[Start of section]
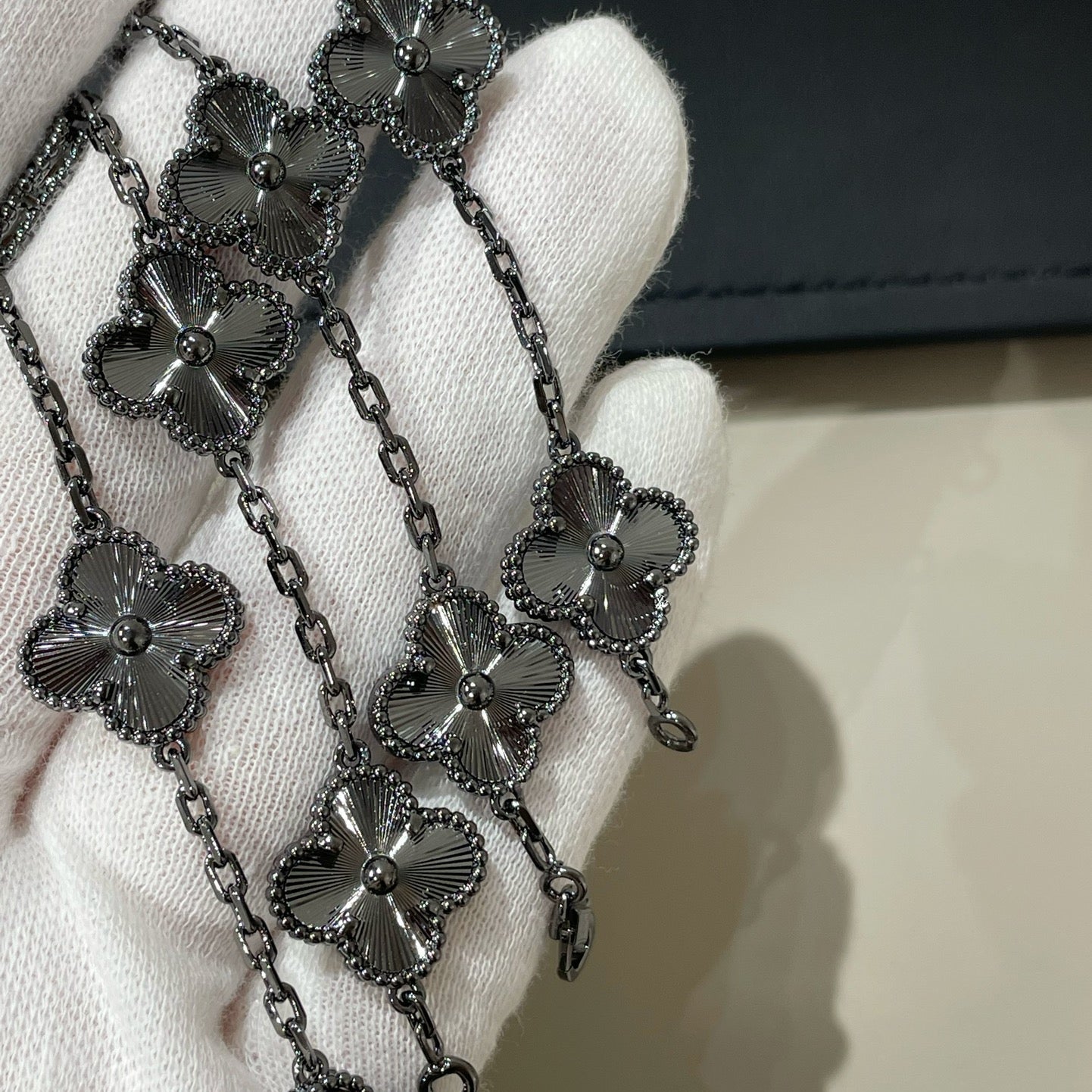 [Glow Jewelry]New CLOVER 5 MOTIF BLACK BRACELET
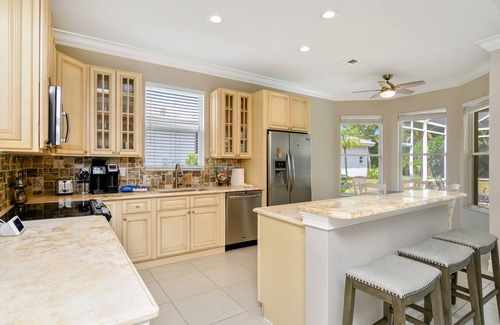 Bonita Springs Casa | Immaculate 3bd home with private inground pool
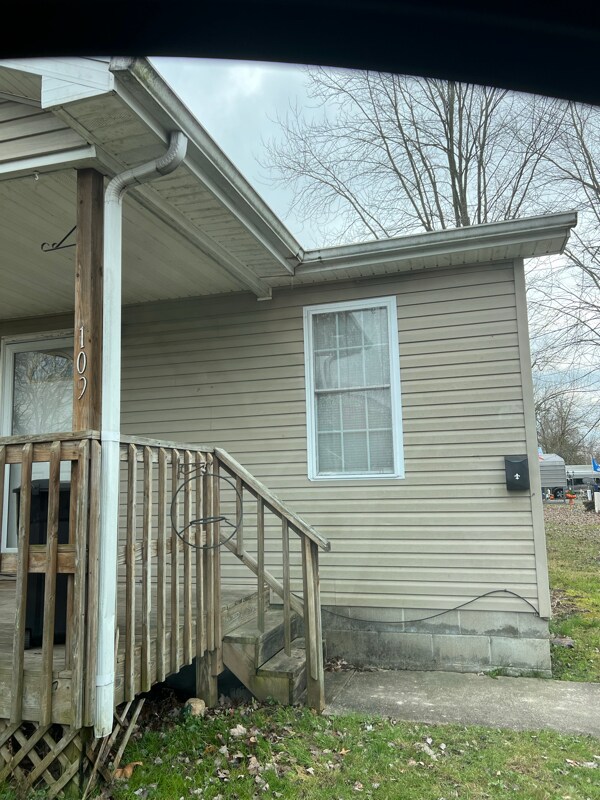 Building Photo - 107 S 6th St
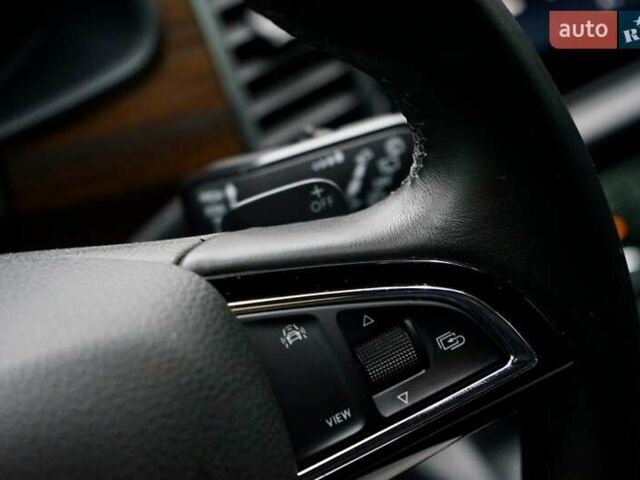 Белый Шкода Kodiaq, объемом двигателя 1.98 л и пробегом 56 тыс. км за 27500 $, фото 22 на Automoto.ua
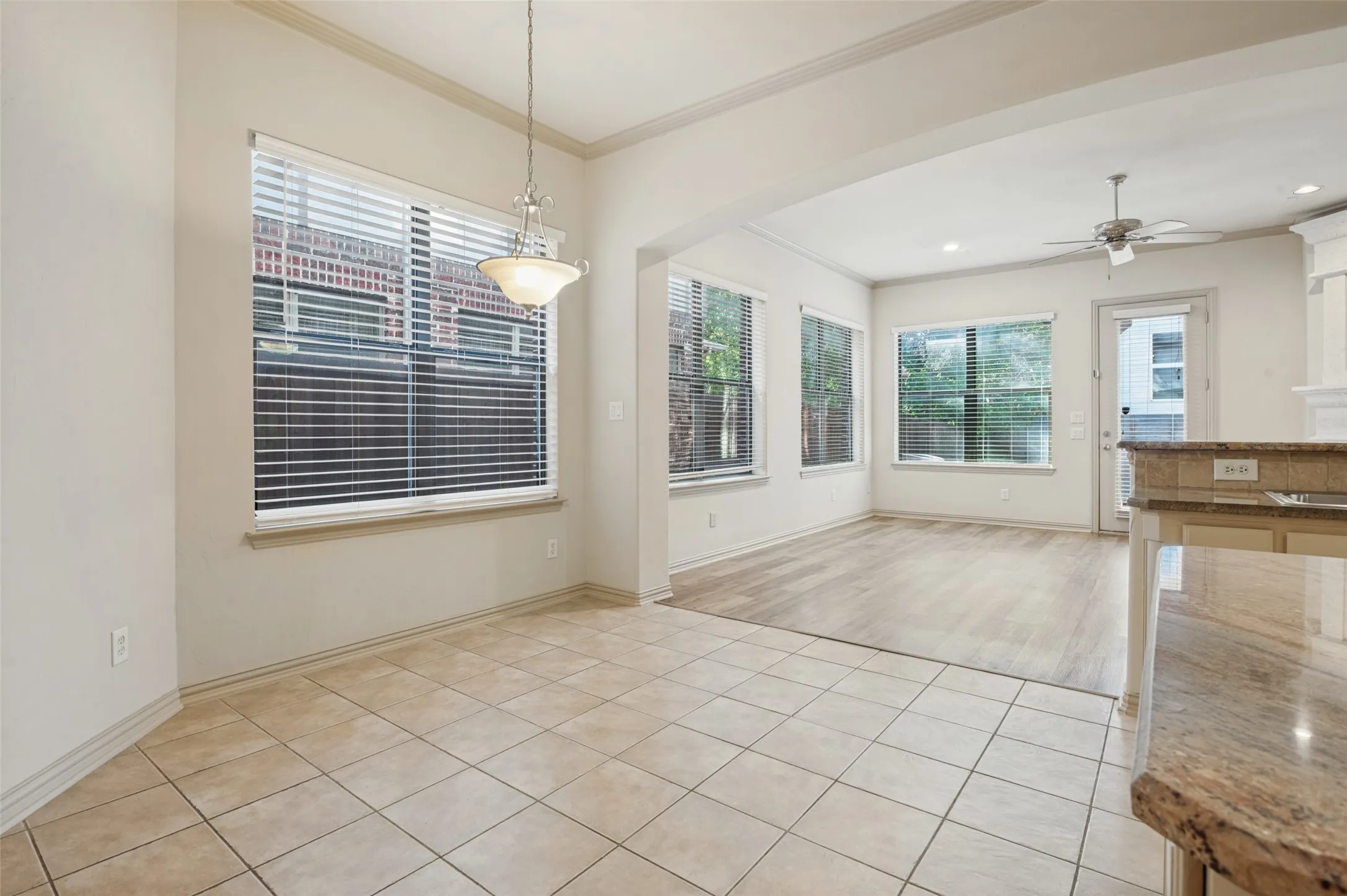 Duplex For Rent in Dallas County , 5930 Lewis Street, Dallas, Texas 75206, 3 Bedroom, 3 Bathroom, 2 Garage spaces, 2,341 Sqft, built in 2006, mls#21382548, Real Estate Agent in Dallas, Homes For Rent in Dallas county, Homes For Rent in Dallas, Realtor in Dallas Texas, Real Estate Brokerage Independent Realty Texas, Luminita Cordes Realtor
[End of section]
**Problem:** Write out exactly and only the lines that run from the start of the data above through the line containing "Белый Шкода Kodiaq, объемом", leaving the pictures out.

**Task solution:**
 [Glow Jewelry]New CLOVER 5 MOTIF BLACK BRACELET
 Bonita Springs Casa | Immaculate 3bd home with private inground pool
 Building Photo - 107 S 6th St
 Белый Шкода Kodiaq, объемом двигателя 1.98 л и пробегом 56 тыс. км за 27500 $, фото 22 на Automoto.ua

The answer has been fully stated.